NEW YORK Last week, when Joost finally unveiled its long-awaited Web-based version, it was greeted by the following headline on the social media-focused blog Mashable: “Joost Re-Arranges the Deck Chairs on the Titanic.”
Indeed, deep skepticism reigned last week as the onetime tech-media darling looked to revitalize its flagging business with a more user-friendly, social-networking-infused video site.
But Joost CEO Mike Volpi believes the likes of Hulu owe Joost a great debt. “I don’t think that [those launches] would have happened” were it not for Joost, he said.
While Volpi acknowledges users did not take to Joost’s required software, the strategy was “necessary to get us over the hump.” The software, he explained, was designed with digital-rights management at its heart, giving comfort to partners putting so much premium fare online.
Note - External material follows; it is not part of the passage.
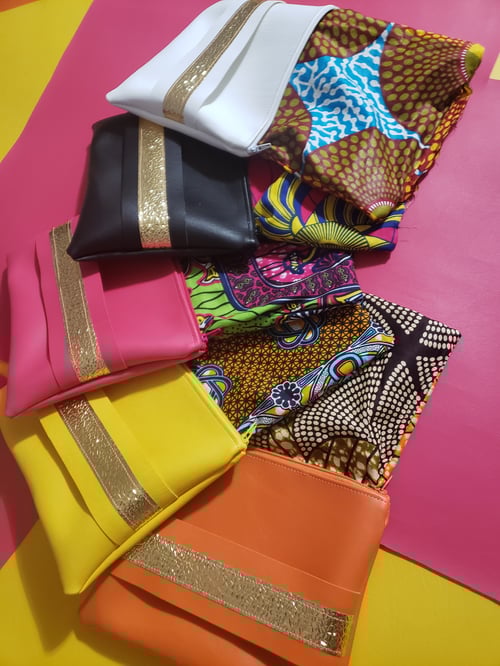 Image of Neon Orange Gold Clutch With Hand Strap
Without it, Volpi said, companies like Viacom “wouldn’t have given us anything.”
Joost’s content partners agree. “I really do believe that it is so, so early,” said Greg Clayman, MTV Networks executive vp, digital distribution and business development. “They have ample time to establish themselves.”
Dmitry Shapiro, founder and chief innovation officer of Joost rival Veoh Networks, said Joost needs to offer users something truly special to get its mojo back, so to speak.
“At the end of the day, the [Joost] user experience was poor and the content was lacking,” Shapiro said. “I’m always a believer that it’s never too late-but they better have something magical.”